Exercise details
Below are records with pictures. Transcribe exactly, and only, the lines from the line with "Шкода Фабия 2012" to the line with "Rubber Cover Cable", both ends included, but not the pictures.

Data for analysis
#####
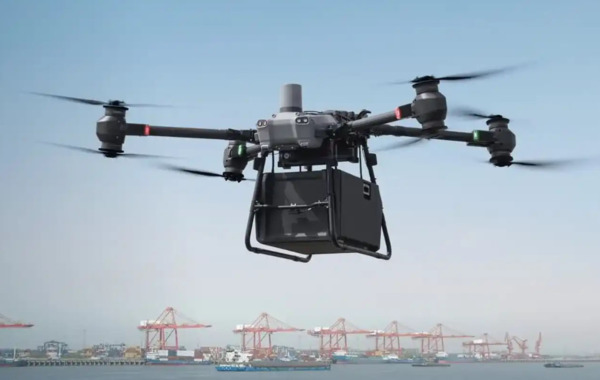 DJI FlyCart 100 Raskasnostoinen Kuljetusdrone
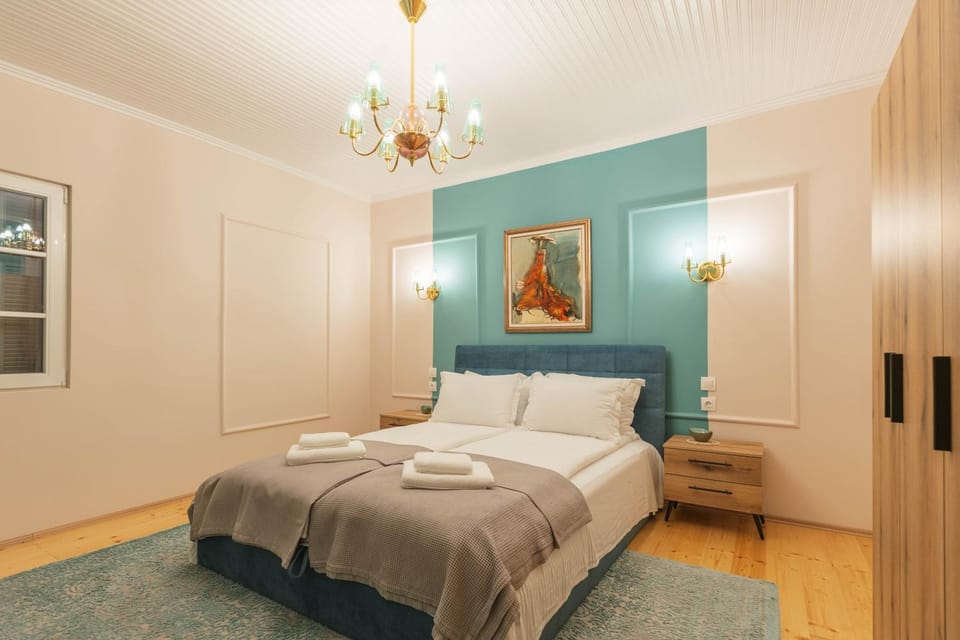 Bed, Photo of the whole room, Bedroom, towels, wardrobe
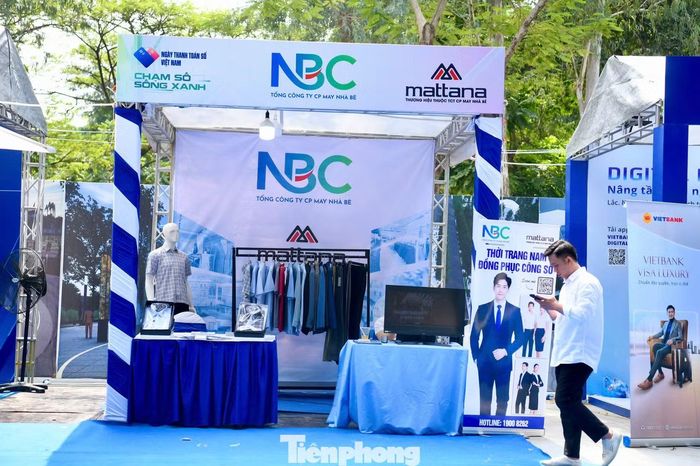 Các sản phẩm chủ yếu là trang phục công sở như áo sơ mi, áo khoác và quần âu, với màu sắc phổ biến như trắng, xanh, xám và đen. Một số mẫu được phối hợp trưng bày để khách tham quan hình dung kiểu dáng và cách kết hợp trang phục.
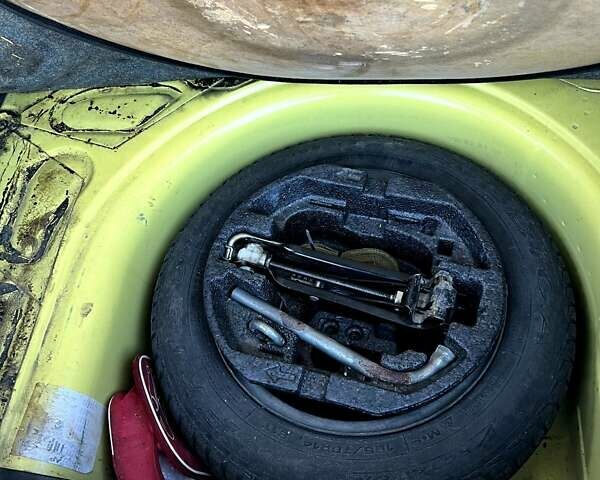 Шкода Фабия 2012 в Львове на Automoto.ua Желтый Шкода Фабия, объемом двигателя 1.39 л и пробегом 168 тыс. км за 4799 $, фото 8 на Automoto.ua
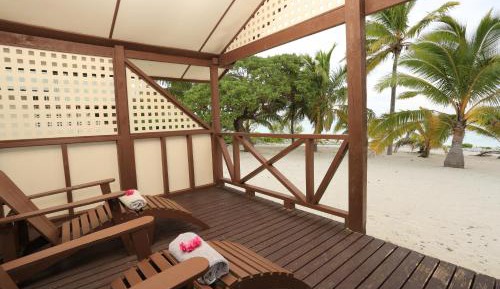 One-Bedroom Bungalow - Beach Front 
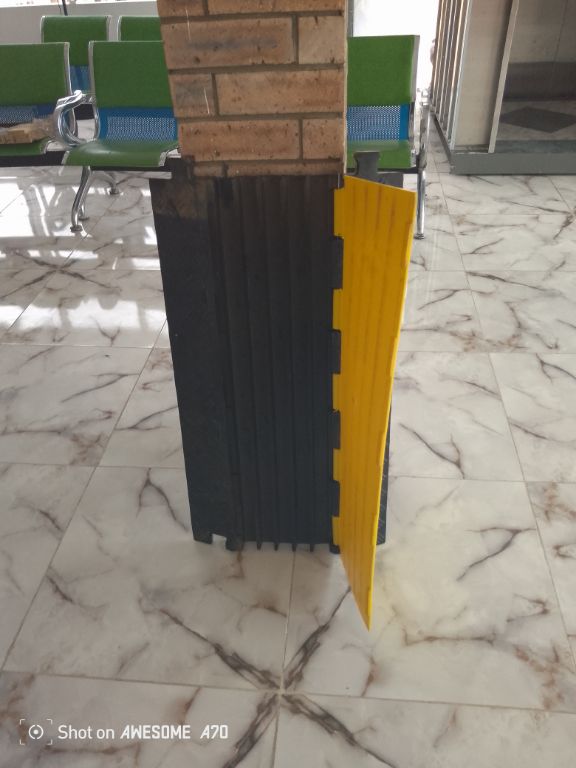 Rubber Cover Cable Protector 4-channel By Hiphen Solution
#####
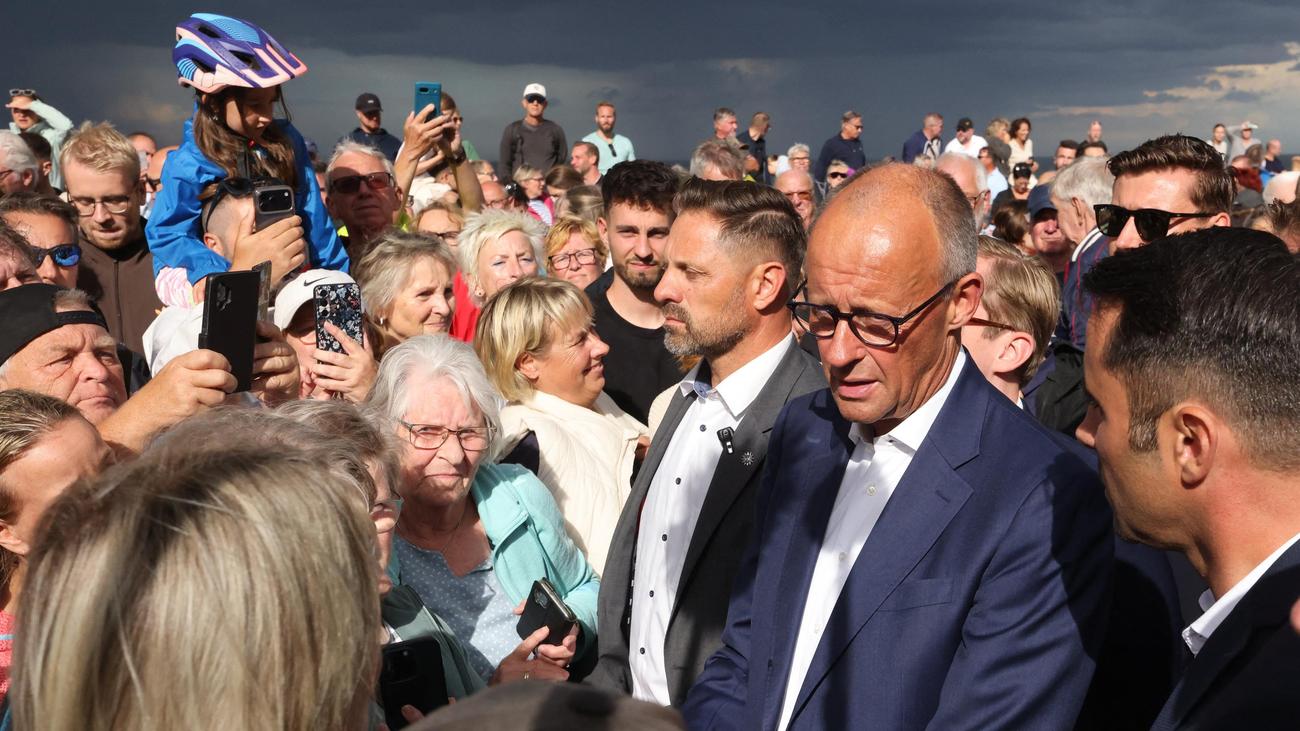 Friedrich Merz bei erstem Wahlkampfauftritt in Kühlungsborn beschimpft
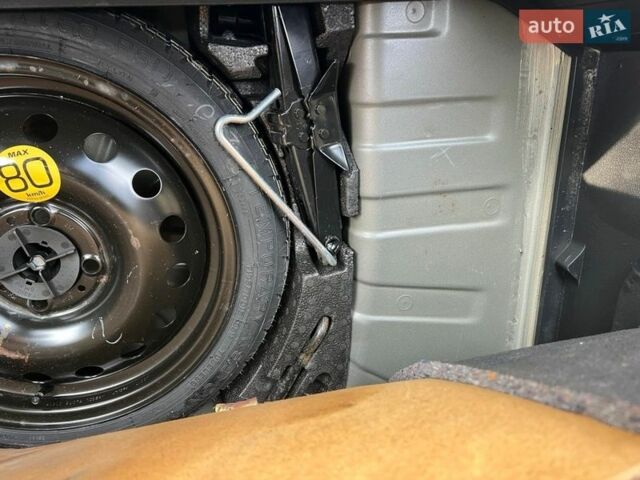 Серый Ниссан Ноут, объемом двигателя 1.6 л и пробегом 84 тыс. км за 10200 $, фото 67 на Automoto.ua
#####
The completed task
 Шкода Фабия 2012 в Львове на Automoto.ua Желтый Шкода Фабия, объемом двигателя 1.39 л и пробегом 168 тыс. км за 4799 $, фото 8 на Automoto.ua
 One-Bedroom Bungalow - Beach Front 
 Rubber Cover Cable Protector 4-channel By Hiphen Solution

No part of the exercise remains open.